But that's beside the point. The point is that Talia could have had everything lined up for her. She could have had all the resources she wanted, be privileged enough to have two loving, middle-class parents who paid for her entire education and gave her a brand new car, and she could still be struggling. Because that's the way our economy works.

We live in a global and highly technological economy, so it's getting increasingly harder and harder to compete. College graduates need to have years of experience (read: internships and co-ops, sometimes paid, sometimes not) under their belts to even hope for an entry-level job. Many college graduates take unstable, temporary work to try to get their foot in the door and pay the bills. They aren't given any benefits and have to take on a second job. Some people feel forced to study for a graduate degree just to compete. Others work a mishmash of retail, bartending and customer service gigs to save money while they apply for something in their field. 

Nobody should be starving and struggling in the way that Talia describes, if they work forty hours a week or more. If you read her letter and your first thought is, "Wow, she's spoiled," when she describes her coworkers as homeless and talks about how hungry she is on a daily basis, then you're missing the point. Talia wasn't even asking for a glamorous job. She was willing to put in the time and effort to move through the ranks to get to a job she liked more. She was simply asking to be paid a living wage for the location she lives in.

You may hear what I'm saying and think, "But Talia, or other millennials, could at least move to a small town or bad neighborhood where rents are cheaper in order to afford to live, if they can't live at home." That's also missing a crucial point, which is that many jobs and many industries are mainly secluded to large cities. Many people live in these cities (like Los Angeles, New York City and Chicago) so it costs more money to live there. Sure, a millennial could live in a small town. But it's vastly more difficult to find a job "in the middle of nowhere," as someone who went to college and interned in Western Massachusetts for four years could easily tell you. And many millennials can't afford to own cars, because the price of that extra debt is impossible, and public transportation is severely lacking in smaller towns and suburbs. 

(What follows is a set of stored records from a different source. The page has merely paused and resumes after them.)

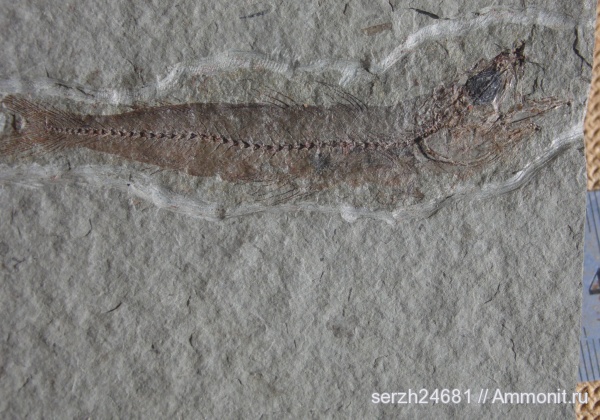 неоген, Россия, рыбы, позвоночные, кайнозой, Краснодарский край, р. Пшеха, fish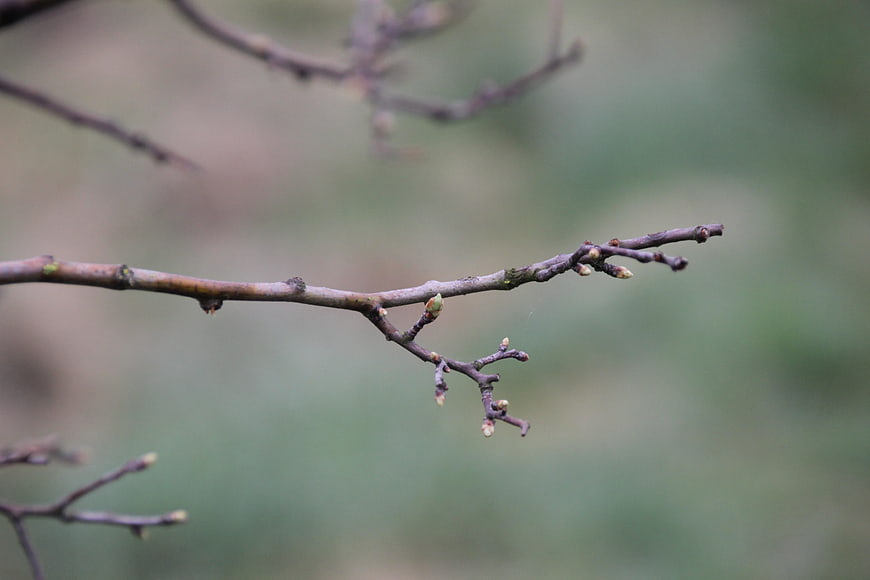 Close-up of tree branch with spring buds on blurred background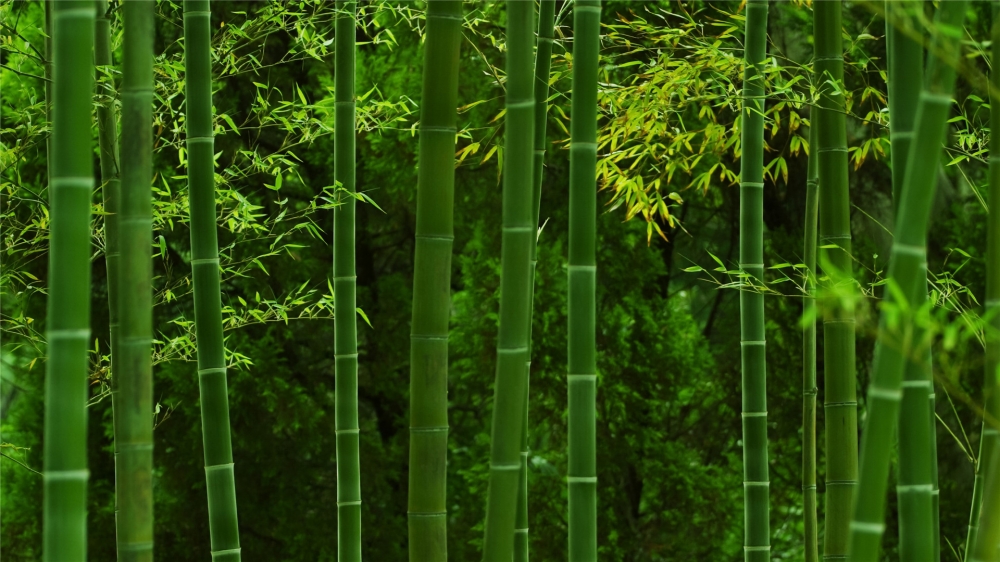 点击大图看下一张：优美的竹林唯美高清桌面壁纸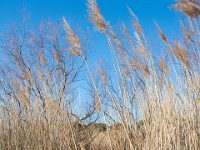 Etangs de Villepey 03122017 11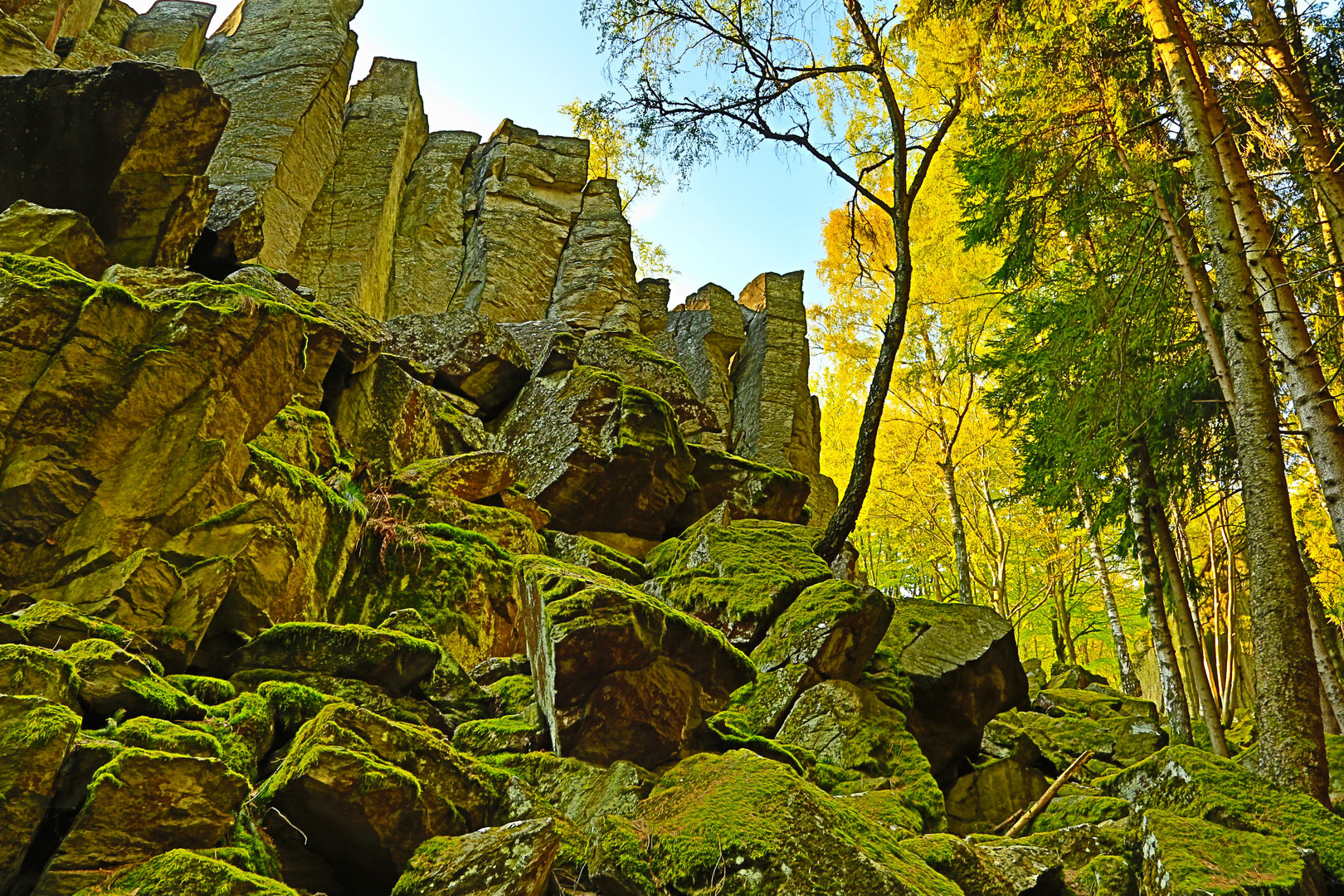 Steinwand in der Rhön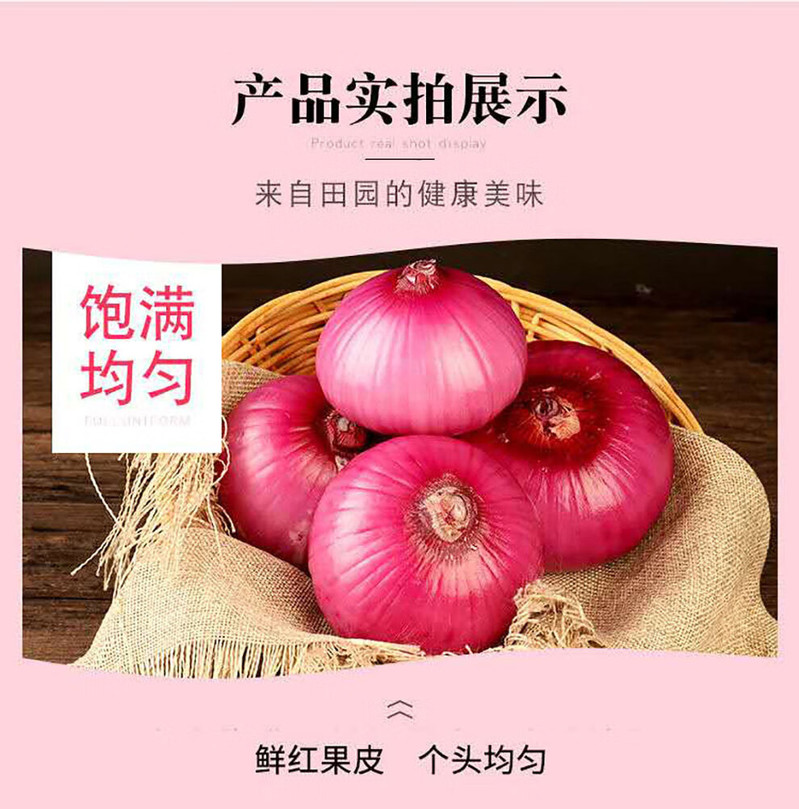 鲜小盼 【助农】陕西新鲜水果红皮洋葱5斤甜味生吃甜圆葱蔬菜
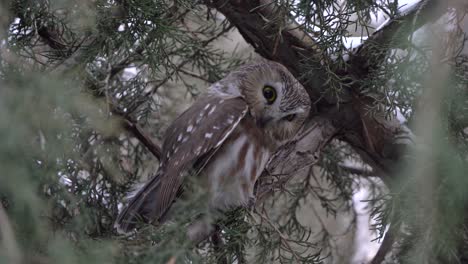 A-northern-saw-whet-owl-pauses-from-preening-the-feathers-on-its-wing-to-look-around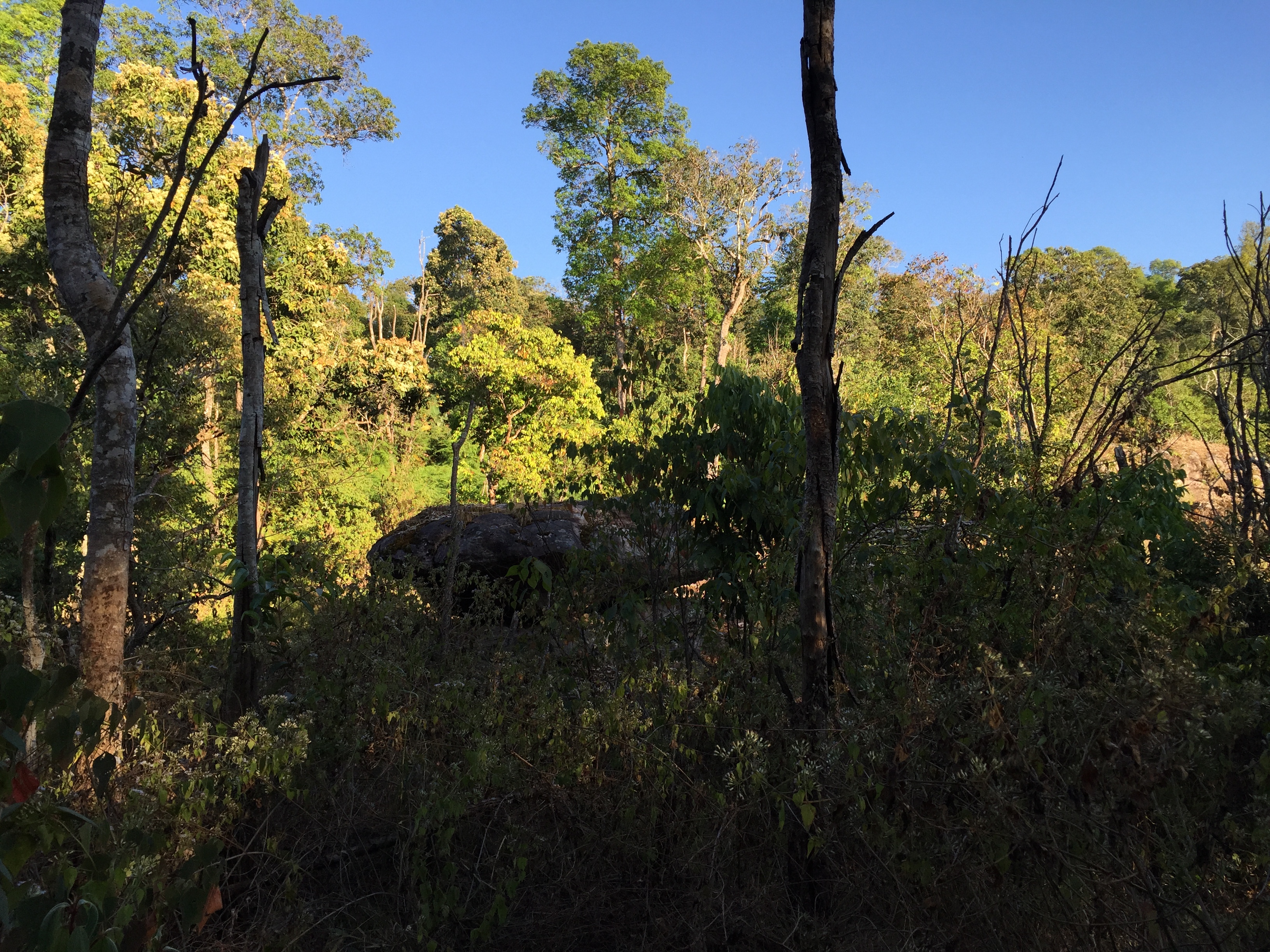 Photo Thaïlande Parc National Phu Hin Rong Kla 2014-12 387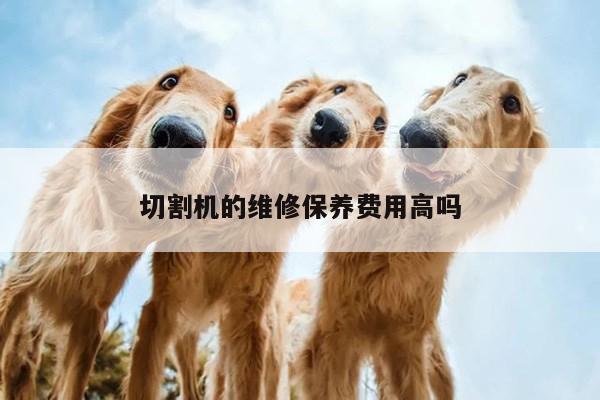 爱游戏平台|切割机的维修保养费用高吗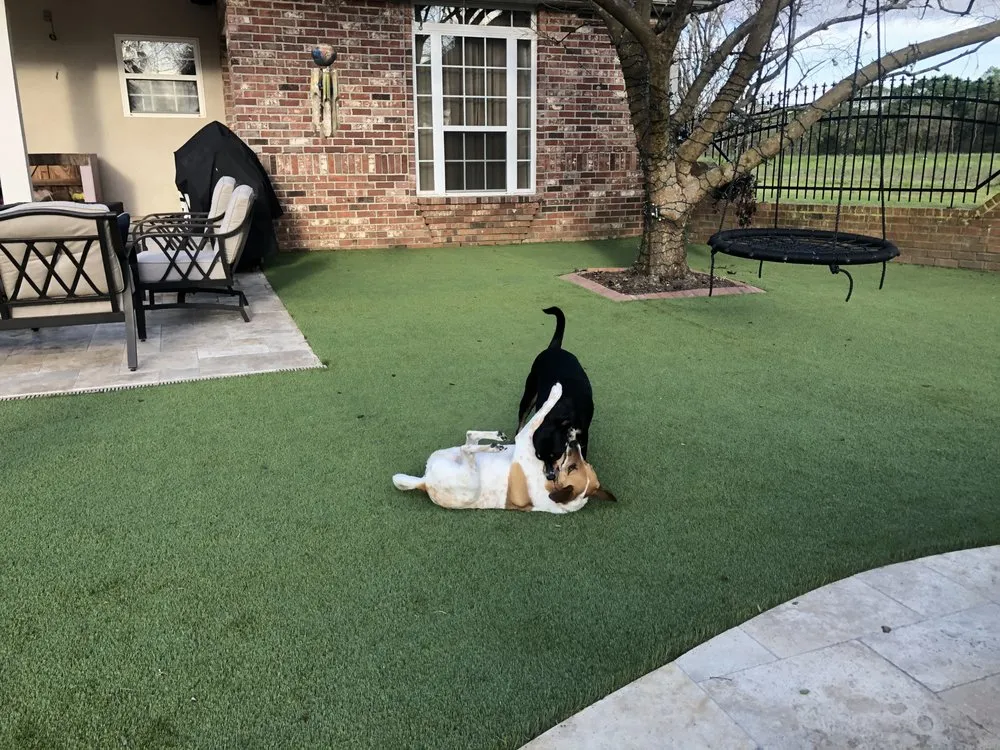 Local residential landscaping in St. Martinville, LA - SYNLawn South Louisiana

In today's society, it's terrifying to put yourself out there with your name and face attached to it, asking for something that you're not getting from work. It's already scary enough to ask for salary negotiation when given an offer, or to ask your supervisor about getting a raise. Talia did that. She did it in a big, public way. She asked those hard questions, like: Why aren't I being paid enough so that I'm not hungry at work? Why do my coworkers need to set up GoFundMe accounts to pay their rent? Why is it so hard for someone on the verge of poverty to gain some workplace mobility? 

If anything, Talia's letter should serve as a rallying cry for every angry millennial who is sick of being misjudged as lazy, unskilled or entitled. Studies say that millennials, as a whole, care more about giving back than we do about success or money, but it's rare to hear about that. Instead, we hear about millennials who work at home with their parents and can't--or don't want to--get jobs. 

There are so many barriers for young people today as they graduate from college. We should be taking Talia's letter as a sign that this is a problem that needs to be fixed. If people earn a college degree, it shouldn't be this difficult for them to at least earn a living wage in their geographic location, even if their first job isn't ideal. People who are willing to work hard to survive should at least be given a fighting chance to do so. 

We need to read Talia's letter the way it should be read: as a criticism of the system in place, not a criticism of the people being abused by that system. Only by supporting one another can millennials buck the stereotypes unfairly placed on us, and build a more equitable future for all workers.